Work order
Every line of the records below from the line with "Acne Light Therapy Patch (1-Pack)" up to and including the line with "A Synnovis ellátási" must be reproduced exactly, and no line outside that range.

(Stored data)
=== Section Start ===

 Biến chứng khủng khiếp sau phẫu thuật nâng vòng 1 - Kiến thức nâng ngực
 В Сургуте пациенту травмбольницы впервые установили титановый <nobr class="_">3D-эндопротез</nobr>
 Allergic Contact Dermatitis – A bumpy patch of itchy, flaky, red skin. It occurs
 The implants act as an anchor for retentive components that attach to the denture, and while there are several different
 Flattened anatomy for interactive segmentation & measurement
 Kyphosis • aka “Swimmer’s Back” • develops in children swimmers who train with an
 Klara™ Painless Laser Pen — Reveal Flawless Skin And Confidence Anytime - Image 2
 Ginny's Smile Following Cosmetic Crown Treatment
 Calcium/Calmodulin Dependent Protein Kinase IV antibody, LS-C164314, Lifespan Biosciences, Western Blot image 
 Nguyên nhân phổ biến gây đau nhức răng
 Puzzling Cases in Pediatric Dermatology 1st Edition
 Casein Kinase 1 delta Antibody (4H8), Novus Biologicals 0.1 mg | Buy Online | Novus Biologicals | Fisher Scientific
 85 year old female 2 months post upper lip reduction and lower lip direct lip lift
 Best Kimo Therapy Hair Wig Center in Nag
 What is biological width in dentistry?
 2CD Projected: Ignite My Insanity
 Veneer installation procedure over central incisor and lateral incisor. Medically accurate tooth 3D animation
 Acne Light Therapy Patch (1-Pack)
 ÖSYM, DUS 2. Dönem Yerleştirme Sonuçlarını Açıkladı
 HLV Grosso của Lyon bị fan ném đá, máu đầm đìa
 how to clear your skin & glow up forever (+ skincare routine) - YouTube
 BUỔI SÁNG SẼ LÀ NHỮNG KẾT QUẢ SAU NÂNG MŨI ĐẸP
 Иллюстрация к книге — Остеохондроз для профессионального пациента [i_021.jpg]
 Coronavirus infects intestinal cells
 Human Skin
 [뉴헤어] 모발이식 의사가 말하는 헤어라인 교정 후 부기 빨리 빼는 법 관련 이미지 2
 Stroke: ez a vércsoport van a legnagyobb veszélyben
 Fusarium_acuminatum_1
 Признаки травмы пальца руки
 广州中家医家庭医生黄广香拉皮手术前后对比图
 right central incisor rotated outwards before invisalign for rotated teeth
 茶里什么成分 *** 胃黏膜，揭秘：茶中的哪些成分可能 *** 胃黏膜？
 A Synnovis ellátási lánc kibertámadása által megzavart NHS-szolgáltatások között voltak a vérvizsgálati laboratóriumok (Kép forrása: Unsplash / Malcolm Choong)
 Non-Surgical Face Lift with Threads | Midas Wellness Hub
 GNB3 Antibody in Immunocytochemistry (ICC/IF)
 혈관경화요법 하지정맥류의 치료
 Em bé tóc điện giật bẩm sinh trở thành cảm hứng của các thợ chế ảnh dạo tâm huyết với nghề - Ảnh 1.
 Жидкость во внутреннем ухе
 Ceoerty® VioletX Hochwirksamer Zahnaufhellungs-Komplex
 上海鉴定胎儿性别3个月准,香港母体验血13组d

=== Section End ===

Finished task
 Acne Light Therapy Patch (1-Pack)
 ÖSYM, DUS 2. Dönem Yerleştirme Sonuçlarını Açıkladı
 HLV Grosso của Lyon bị fan ném đá, máu đầm đìa
 how to clear your skin & glow up forever (+ skincare routine) - YouTube
 BUỔI SÁNG SẼ LÀ NHỮNG KẾT QUẢ SAU NÂNG MŨI ĐẸP
 Иллюстрация к книге — Остеохондроз для профессионального пациента [i_021.jpg]
 Coronavirus infects intestinal cells
 Human Skin
 [뉴헤어] 모발이식 의사가 말하는 헤어라인 교정 후 부기 빨리 빼는 법 관련 이미지 2
 Stroke: ez a vércsoport van a legnagyobb veszélyben
 Fusarium_acuminatum_1
 Признаки травмы пальца руки
 广州中家医家庭医生黄广香拉皮手术前后对比图
 right central incisor rotated outwards before invisalign for rotated teeth
 茶里什么成分 *** 胃黏膜，揭秘：茶中的哪些成分可能 *** 胃黏膜？
 A Synnovis ellátási lánc kibertámadása által megzavart NHS-szolgáltatások között voltak a vérvizsgálati laboratóriumok (Kép forrása: Unsplash / Malcolm Choong)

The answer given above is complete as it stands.